** What needs to be done **
Each line of the data below between the one containing "徐州19年保时捷Macan1" and the one containing "5T 3M Hook Chain", both included, is to be repeated exactly. Please omit pictures.

** Given information **

--------

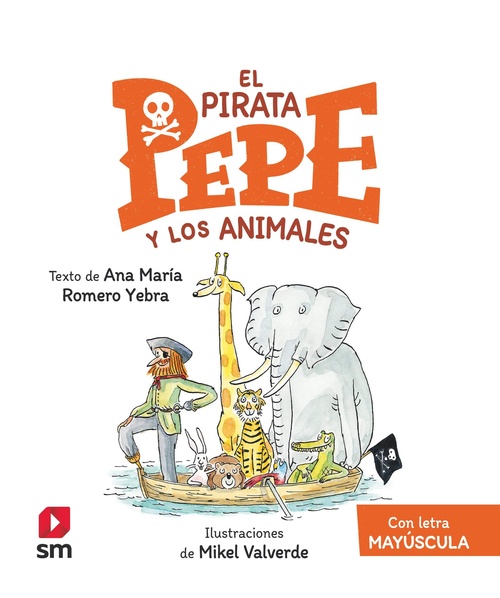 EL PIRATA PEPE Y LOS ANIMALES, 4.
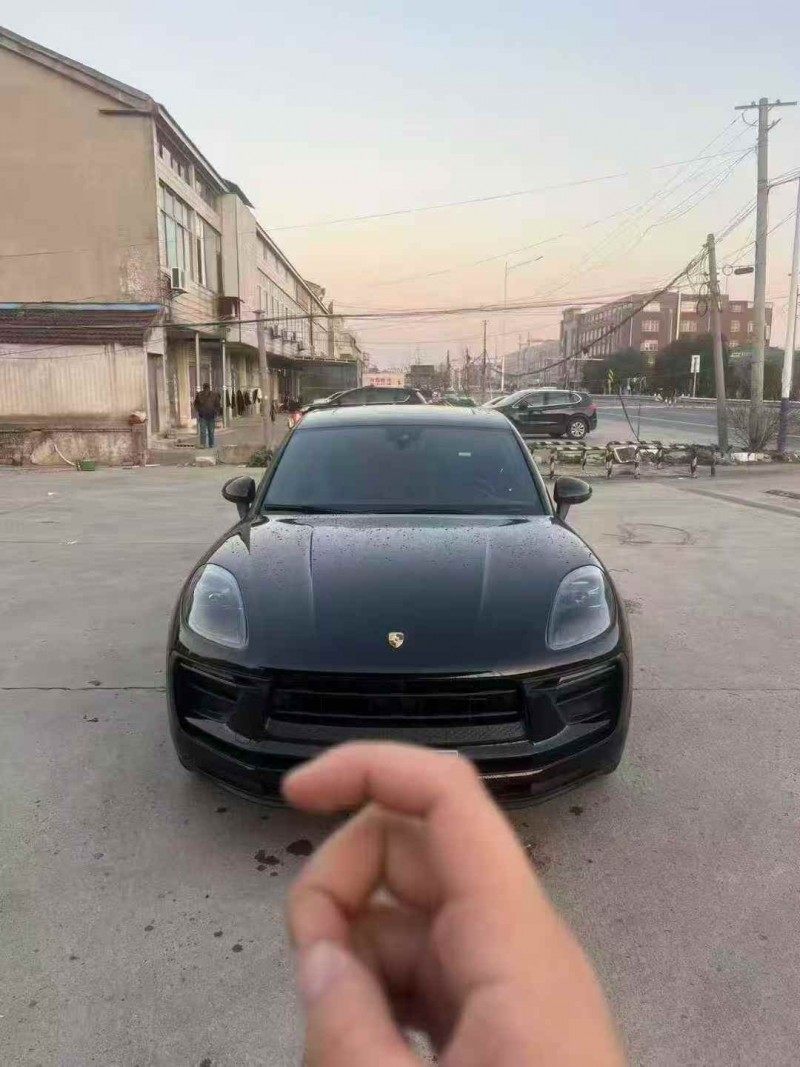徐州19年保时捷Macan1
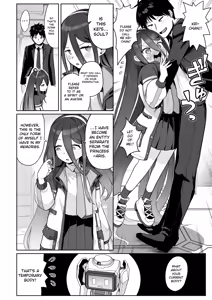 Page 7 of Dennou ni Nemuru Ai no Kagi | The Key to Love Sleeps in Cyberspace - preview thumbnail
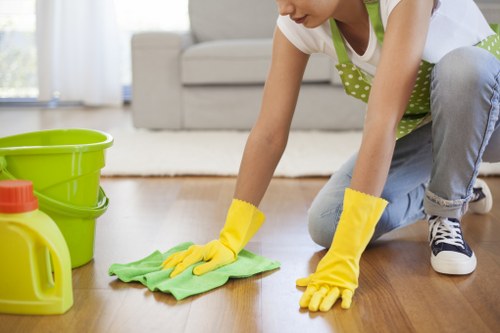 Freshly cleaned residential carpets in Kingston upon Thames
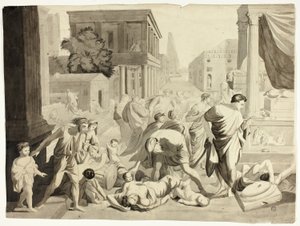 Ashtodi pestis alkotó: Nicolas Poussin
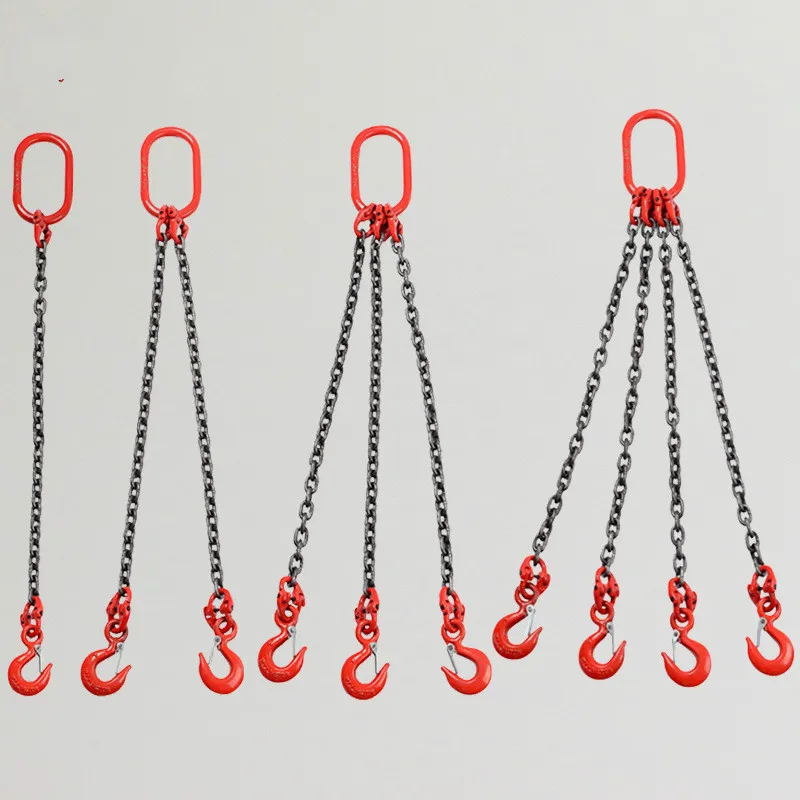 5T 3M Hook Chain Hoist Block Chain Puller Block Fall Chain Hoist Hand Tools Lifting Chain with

--------

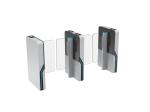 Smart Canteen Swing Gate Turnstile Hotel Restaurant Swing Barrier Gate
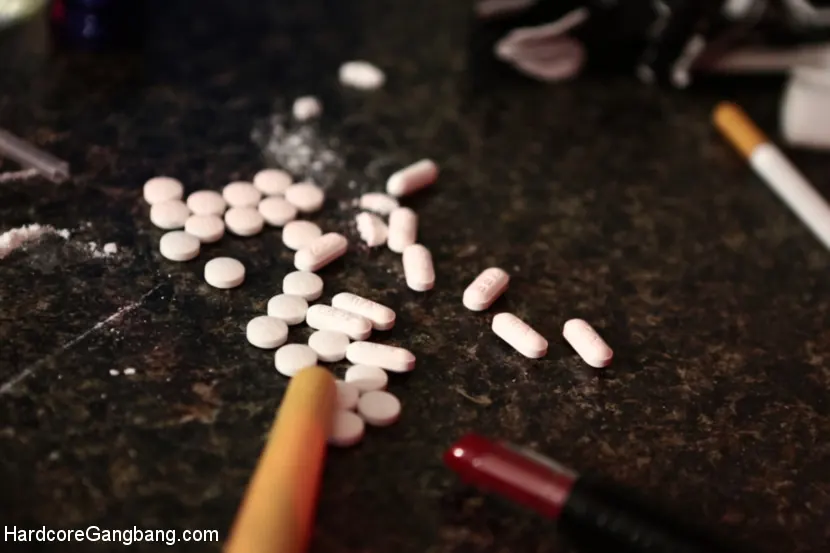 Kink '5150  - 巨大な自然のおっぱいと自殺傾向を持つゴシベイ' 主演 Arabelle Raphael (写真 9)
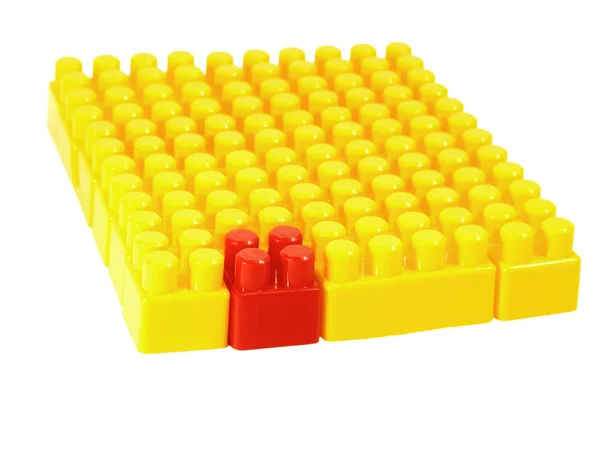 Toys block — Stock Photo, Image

--------

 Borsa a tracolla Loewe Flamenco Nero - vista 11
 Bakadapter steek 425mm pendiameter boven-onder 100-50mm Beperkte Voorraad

--------

** Response **
徐州19年保时捷Macan1
 Page 7 of Dennou ni Nemuru Ai no Kagi | The Key to Love Sleeps in Cyberspace - preview thumbnail
 Freshly cleaned residential carpets in Kingston upon Thames
 Ashtodi pestis alkotó: Nicolas Poussin
 5T 3M Hook Chain Hoist Block Chain Puller Block Fall Chain Hoist Hand Tools Lifting Chain with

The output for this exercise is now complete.